_Dataset records_

┄┄┄┄┄┄┄┄┄┄┄┄┄┄┄┄┄┄┄┄

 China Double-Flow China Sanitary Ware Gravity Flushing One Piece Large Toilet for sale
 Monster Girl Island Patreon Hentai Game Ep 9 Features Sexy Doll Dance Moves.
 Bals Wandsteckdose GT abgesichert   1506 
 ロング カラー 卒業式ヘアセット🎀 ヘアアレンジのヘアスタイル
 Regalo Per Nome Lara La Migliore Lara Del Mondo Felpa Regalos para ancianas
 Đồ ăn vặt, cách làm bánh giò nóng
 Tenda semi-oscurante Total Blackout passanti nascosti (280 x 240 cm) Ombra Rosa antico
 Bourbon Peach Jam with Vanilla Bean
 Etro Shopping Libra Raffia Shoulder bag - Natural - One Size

┄┄┄┄┄┄┄┄┄┄┄┄┄┄┄┄┄┄┄┄

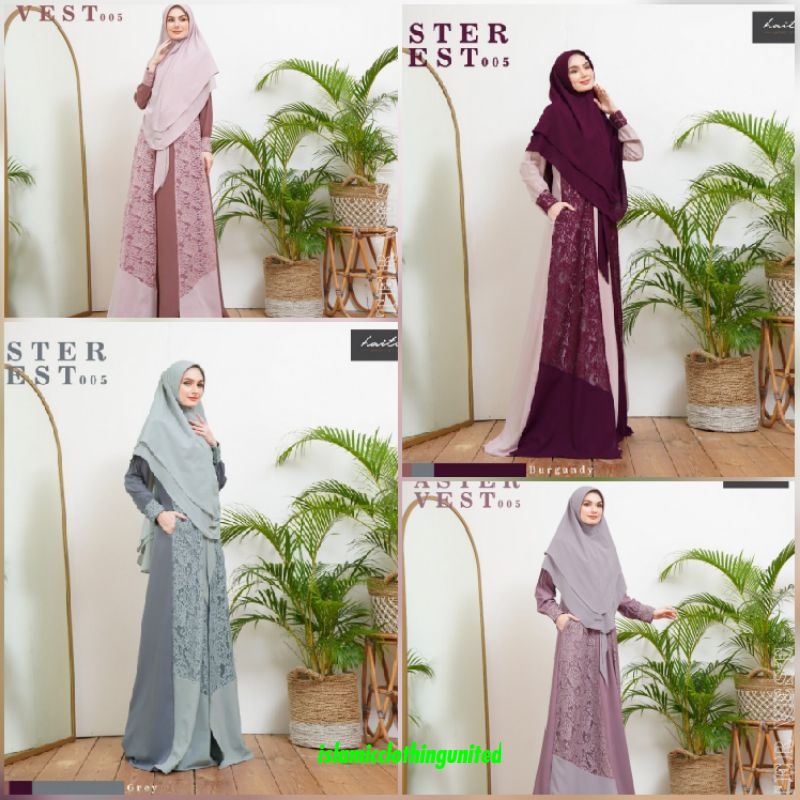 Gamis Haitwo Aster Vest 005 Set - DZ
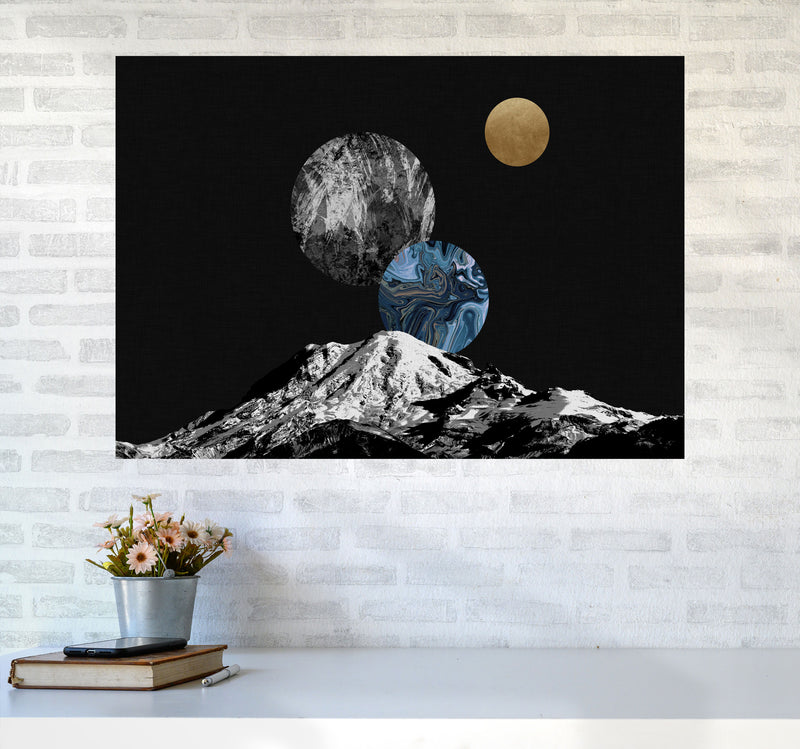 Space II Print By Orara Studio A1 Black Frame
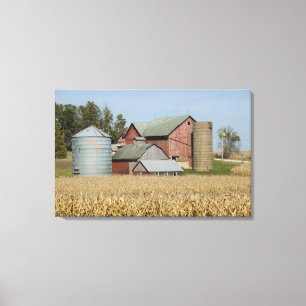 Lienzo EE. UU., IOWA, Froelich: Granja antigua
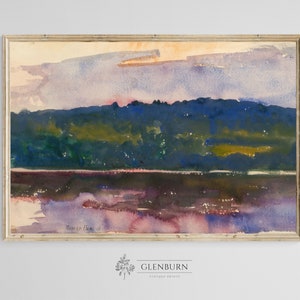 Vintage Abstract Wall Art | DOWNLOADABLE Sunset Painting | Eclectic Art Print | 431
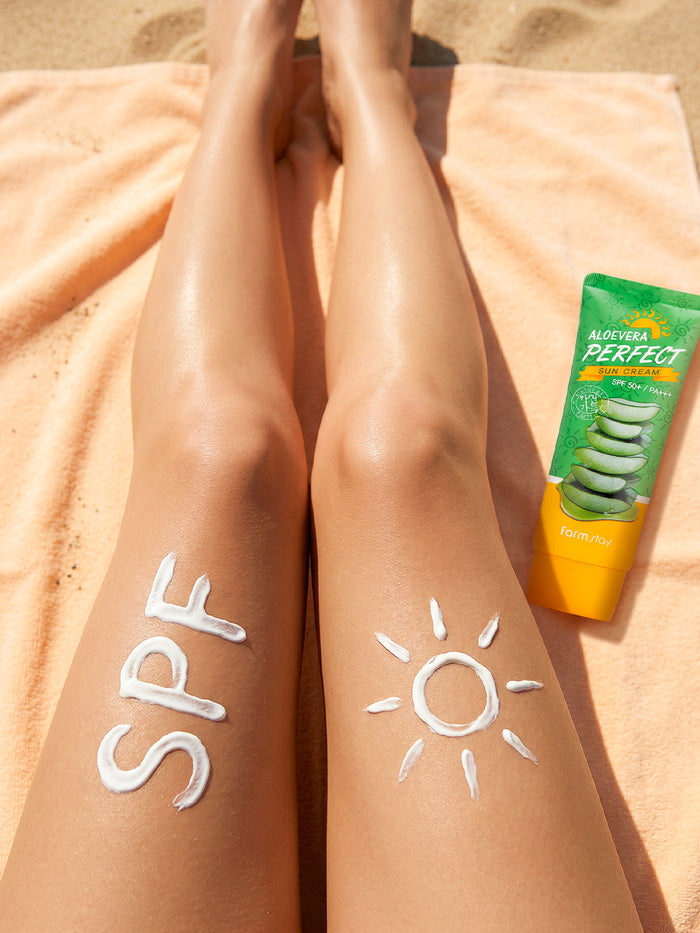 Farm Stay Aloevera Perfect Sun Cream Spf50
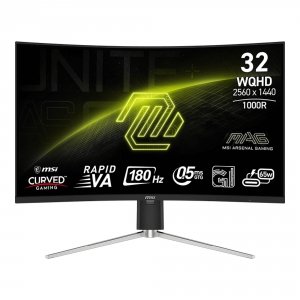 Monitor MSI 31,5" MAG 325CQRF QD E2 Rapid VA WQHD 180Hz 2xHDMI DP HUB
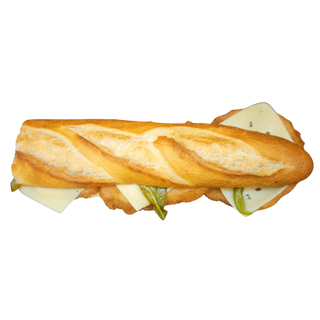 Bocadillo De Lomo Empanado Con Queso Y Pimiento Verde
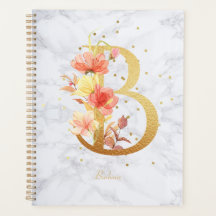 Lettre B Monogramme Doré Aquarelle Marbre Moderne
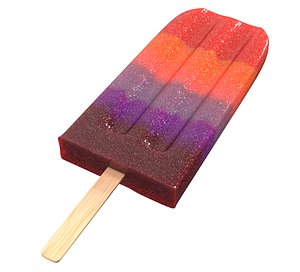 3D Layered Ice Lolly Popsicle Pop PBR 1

┄┄┄┄┄┄┄┄┄┄┄┄┄┄┄┄┄┄┄┄

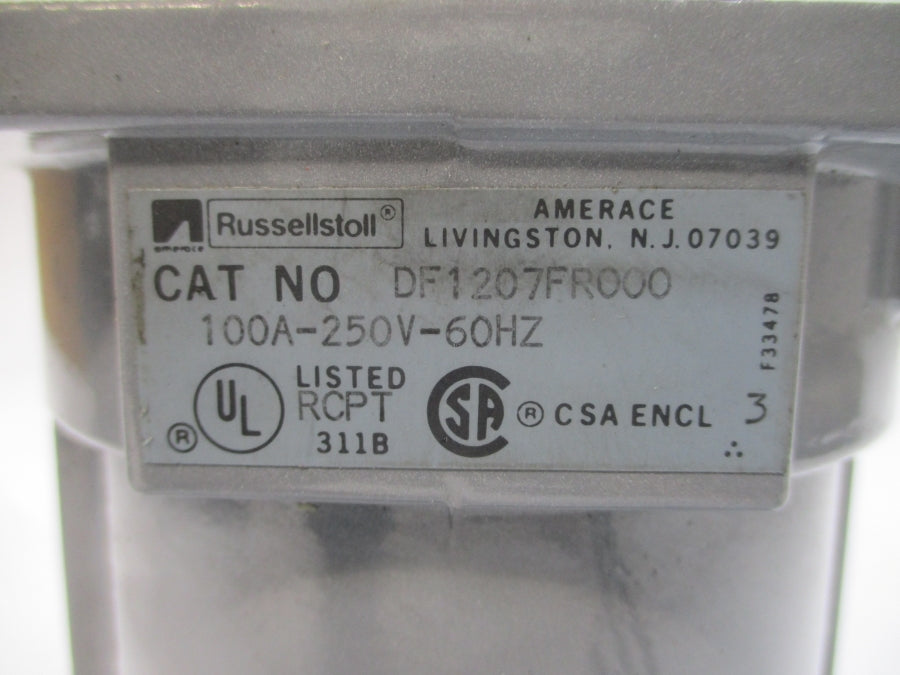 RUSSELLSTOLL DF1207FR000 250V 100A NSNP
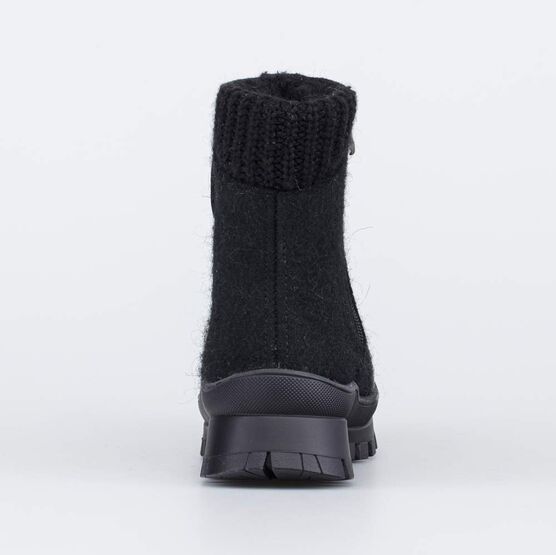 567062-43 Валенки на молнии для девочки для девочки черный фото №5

┄┄┄┄┄┄┄┄┄┄┄┄┄┄┄┄┄┄┄┄

_What you should do_
Repeat exactly the lines of the listing above, from the one with "China Double-Flow China" down to the one with "Bourbon Peach Jam with Vanilla Bean"; both of those lines belong in the range.

_Expected output_
 China Double-Flow China Sanitary Ware Gravity Flushing One Piece Large Toilet for sale
 Monster Girl Island Patreon Hentai Game Ep 9 Features Sexy Doll Dance Moves.
 Bals Wandsteckdose GT abgesichert   1506 
 ロング カラー 卒業式ヘアセット🎀 ヘアアレンジのヘアスタイル
 Regalo Per Nome Lara La Migliore Lara Del Mondo Felpa Regalos para ancianas
 Đồ ăn vặt, cách làm bánh giò nóng
 Tenda semi-oscurante Total Blackout passanti nascosti (280 x 240 cm) Ombra Rosa antico
 Bourbon Peach Jam with Vanilla Bean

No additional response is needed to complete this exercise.